Lo sucedido en la clínica y la hospitalización de emergencia
El pasado jueves, ambas niñas recibieron tratamiento en la misma clínica dental privada. Los procedimientos incluyeron extracción de dientes de leche y empastes, para lo que se empleó sedación intravenosa. Tras la intervención, la paciente de cuatro años se sintió mal: tuvo fiebre, vómitos y somnolencia. Sus padres la llevaron de inmediato a urgencias del hospital La Ribera, desde donde fue derivada al hospital clínico de València para una mayor vigilancia.
Ese mismo día, poco más de hora y media después, una niña de seis años —también tratada en la misma clínica— ingresó en el mismo hospital. Su estado era crítico: llegó con paro cardíaco. A pesar de los esfuerzos médicos, no lograron salvarle la vida. Ambos casos presentaron síntomas similares, incluyendo dificultad respiratoria.
Circunstancias de la tragedia y reacción de los especialistas
Los padres de la niña fallecida relataron que, tras el procedimiento, su hija permaneció bajo observación en la clínica durante unas cuatro horas, ya que no lograba recuperarse por completo de la sedación. Sin embargo, fue dada de alta y enviada a casa. Ya en el domicilio, el estado de la menor empeoró drásticamente y los padres solicitaron nuevamente atención médica, pero ya era demasiado tarde.

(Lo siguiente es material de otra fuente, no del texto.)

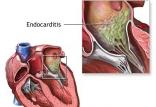 آندوکاردیت‌,اخبار پزشکی,خبرهای پزشکی,مشاوره پزشکی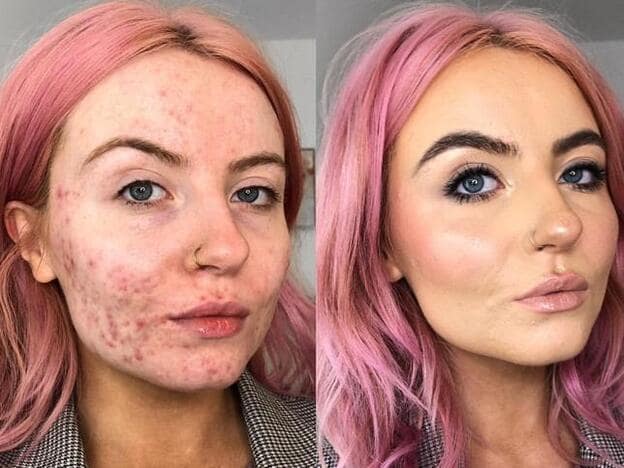 Esta bloguera de Instagram sí sabe cómo disimular el acné | Mujer Hoy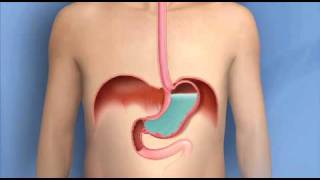 Heartburn Acid Reflux GERDMayo Clinic [upl. by Erodroeht]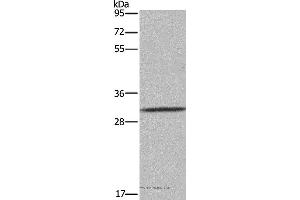 Western blot analysis of 231 cell, using ASGR1 Polyclonal Antibody at dilution of 1:300 (Asialoglycoprotein Receptor 1 Antikörper)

La propietaria de la clínica, con más de veinte años de experiencia, sostiene que la niña abandonó el centro en un estado satisfactorio y que el anestesista no puede explicar lo sucedido. Actualmente se está inspeccionando el lote de medicamentos utilizados para la sedación.

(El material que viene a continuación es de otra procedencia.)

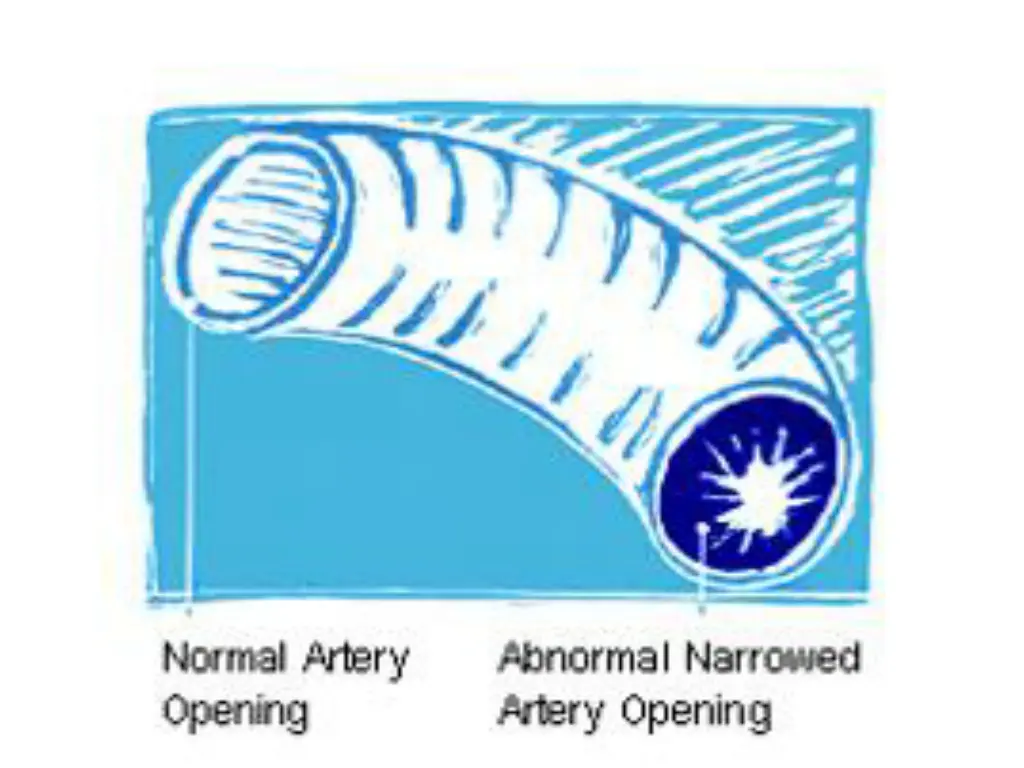 slide5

Inspección y proceso de investigación
En este momento, la investigación está en manos de la brigada de homicidios de la Policía Nacional y de representantes del ministerio regional de salud. Se analiza especialmente el uso de los medicamentos empleados, su origen y las autorizaciones correspondientes, así como la existencia de las licencias necesarias para la clínica.
Se reveló que la clínica carecía de un permiso oficial para realizar procedimientos con anestesia intravenosa. Debido a ello, los inspectores se reunieron con el anestesista que atendió a ambas niñas el día de la tragedia.
Posición del colectivo profesional
Las asociaciones profesionales de dentistas y anestesiólogos de la región expresaron sus condolencias a las familias de las víctimas. En sus comunicados, subrayaron que todos los procedimientos fueron realizados por especialistas certificados y que la anestesia fue administrada por un médico debidamente cualificado. Sin embargo, representantes de la comunidad médica llamaron a la cautela en las evaluaciones, recordando los riesgos asociados al uso de anestésicos generales y la necesidad de que este tipo de intervenciones las realicen exclusivamente especialistas del área.
Mientras no se presenten conclusiones oficiales, las organizaciones profesionales se abstienen de hacer más comentarios, remitiéndose a la investigación en curso y a las implicaciones judiciales del caso. Los médicos destacan que situaciones como esta exigen la máxima transparencia y responsabilidad por parte de todos los involucrados en el proceso.